We therefore reconsidered whether all GBM tumors are equally addicted to integrin αvβ3 during progression. Remarkably, we discovered that sensitivity to αvβ3 blockade could not simply be predicted by high αvβ3 expression, but rather on a state of addiction to the high-affinity glucose transporter, Glut3, that provides tumors with a critical glucose-uptake advantage in the nutrient-poor environment of the brain[8]. Mechanistically, we identified integrin αvβ3 signaling through PAK4 and YAP/TAZ as being necessary and sufficient to promote the expression of Glut3. Accordingly, individual patient-derived GBM tumors that showed sensitivity to Glut3 knockdown showed sensitivity to not only cilengitide and LM609 (a monoclonal antibody antagonist of αvβ3), but also to drugs that inhibit PAK4 and YAP/TAZ.
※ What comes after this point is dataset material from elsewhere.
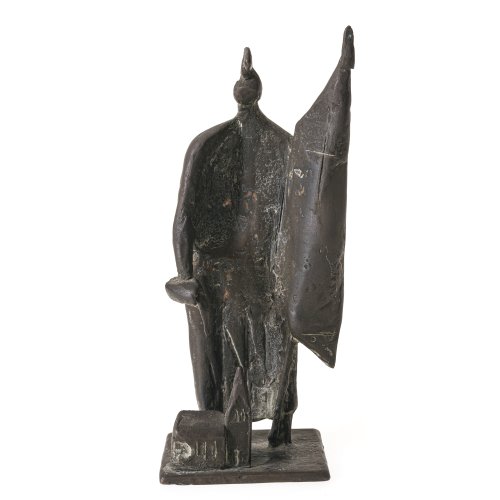 Oblak, Slavko. Moderne Darstellung des Hl. Florian. Bronze. H. ca. 17,5 cm. Monogr.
Furthermore, we identified a genetic signature capable of predicting which GBM tumors would show this Glut3-addicted phenotype. In particular, we found that GBM tumors with markers defining the proneural and classical molecular subtypes were addicted to αvβ3/Glut3. In contrast, tumors with markers defining the mesenchymal subtype were not addicted, even when they displayed high expression of both αvβ3 and Glut3. This distinction highlights how functionally relevant markers can be incorporated into molecular classification approaches to predict which subsets of patients may respond to a given drug, providing important inclusion criteria for clinical trials. Such an analysis to account for durable responses in individual patients will provide a framework for setting up new molecularly defined clinical trials.
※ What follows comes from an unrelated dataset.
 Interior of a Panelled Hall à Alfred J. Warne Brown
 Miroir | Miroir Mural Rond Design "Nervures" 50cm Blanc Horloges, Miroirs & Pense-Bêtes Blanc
Our study also highlights the value of patient-derived gliomaspheres to reflect GBM heterogeneity and addiction status. Indeed, we found the established GBM cell lines U87MG, LN229, and LN18 to be highly sensitive to agents targeting αvβ3/PAK4-YAP/TAZ signaling axis, whereas only a subpopulation of patient-derived GBM stem cell models showed sensitivity. Although the nearly universal effect of cilengitide on established GBM cell lines in vitro and in vivo generated great enthusiasm for its clinical development, only some patients responded to this therapy. In fact, we observed a paradoxical enhancement of viability for several of the “non-addicted” GBM stem cells treated with αvβ3 antagonists. The highly variable response to cilengitide among our panel of patient-derived GBM stem cell models may account for why this drug failed to prolong overall survival in a non-selected GBM patient population. Although our sample size is relatively limited, we predict that less than a quarter of GBM tumors would show sensitivity to cilengitide and that progression may even be accelerated in certain patients. Going forward, the challenge will be to develop rapid and feasible genetic or molecular screens to identify αvβ3/Glut3 addiction in living patients, and to optimize a CLIA-certified screening process to reliably predict responders.
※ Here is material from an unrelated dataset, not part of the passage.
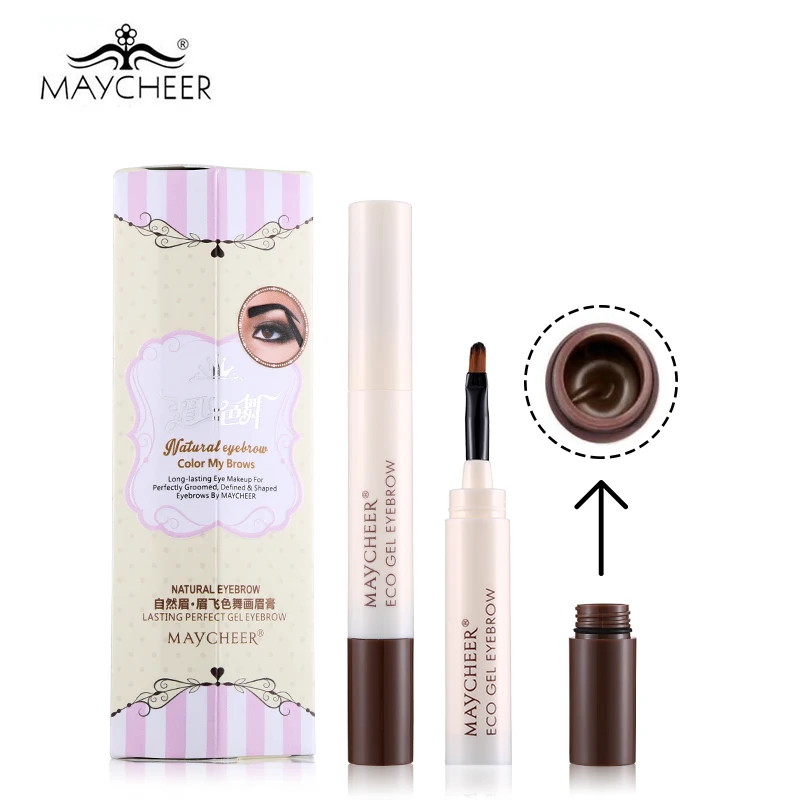 Натуральный гель для бровей MAYCHEER водостойкий крем карандаш с кисточками и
Taken together, our recent study highlights new opportunities to exploit the analysis of “big data” to achieve advances in precision medicine and reinforces the importance of profiling individual tumors. Using cilengitide as an example, we suggest that other “failed” drugs may be reconsidered using patient-derived models, allowing them to advance to a more defined style of GBM clinical trial that relies on molecularly-defined inclusion/exclusion criteria to identify a potentially small population of responders.